We took advantage of Parallel Sysplex for performance and load balancing and to lower third-party software costs by routing workload to the machine with the required software resource. We made minor changes to our applications to accomplish this, but we achieved a significant financial return.
Additionally, some of our databases don’t participate in database federation, forcing us to conduct multi-phase commits manually. This resulted in data integrity being questioned when we had to retrace many steps to do manual fixes. Even though data integrity wasn’t compromised, we considered this a performance issue because of the loss of productivity it caused. We carefully designed a homegrown agent that would oversee the multiple phases of commit and would trigger an undo process in case of failure.
Our back-end database is DB2 for z/OS, which manages about 10TB of data. Poorly performing SQL statements are the easiest to identify and correct. DB2 is well-equipped with accounting information at the correlation-ID level, package level, or even more granular levels. Only when an SQL solution is insufficient do we resort to other solutions.
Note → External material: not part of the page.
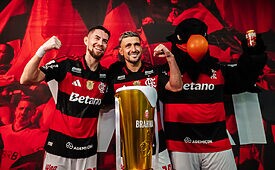 Brahma Flamengo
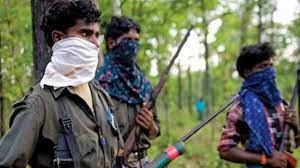 sukma, Naxalites killed ,two villagers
Not all performance solutions are software solutions; some are procedural. Examples include stacking up non-critical or time-insensitive updates for non-peak hours or running various audit reports together by sweeping the database just once. It may sound like a clear-cut solution, but it’s difficult to get a consensus when working within the layers of communication and time zone differences typical of a global community.
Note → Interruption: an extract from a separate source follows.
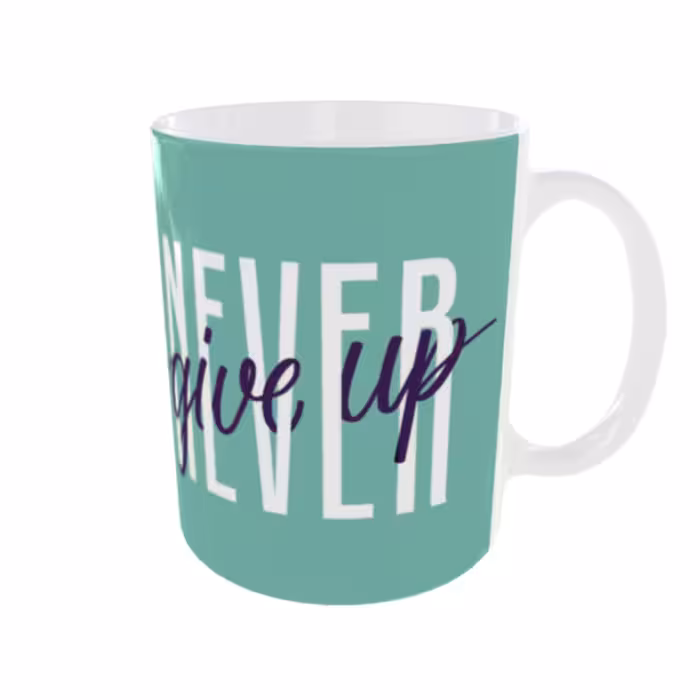 ماگ کد 210 به همراه زیر لیوانی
We also faced some interesting business functionality issues. We collect data from different sources (converging on one key) and distribute the same data to a different set of clients (diverging on another key). There’s an authentication process validating who has clearance to input the data and a filtering process at the distribution end. Both are resource-intensive procedures because of the granularity of authentication, but we proved we could reduce cost significantly by rewriting the algorithms. It was risky to change the decision-making modules that are the backbone of the business, but there was a greater risk in not trying. After careful evaluation and thorough testing, we rolled out the new algorithms and they were successful.
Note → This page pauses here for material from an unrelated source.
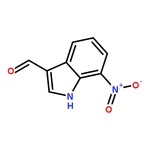 RHAWN 7-Nitroindole-3-carboxyaldehyde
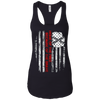 Image of Artilleryman Home of the free because of the brave Shirt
We solved some design issues with historical databases that mirrored operational database design. By changing the design, we could curtail exponential data growth. We keep dated information in our database, and old attributes become outdated when new ones are made effective. The old design involved explicitly applying a discontinue date to the old attribute; the new design assumes an implied discontinue date based on the presence of a new attribute. This yielded a more than 50 percent savings in the load operation.
- IBM’s Tivoli Decision Support for z/OS for general trend analysis
- PLAN_TABLE as a repository of explains of static SQL
- DSN Dynamic Statement Cache for dynamic SQL
- Visual Explain option of IBM’s Data Studio for graphic view of the SQL
- Compuware Corp.’s STROBE for in-depth analysis after we target a process for tuning.
We extracted accounting information from the Tivoli database using native SQL in a format that’s comparable to a DB2PM report. We used thread-level and package-level details to pinpoint likely candidates, then we used STROBE and Data Studio for in-depth analysis.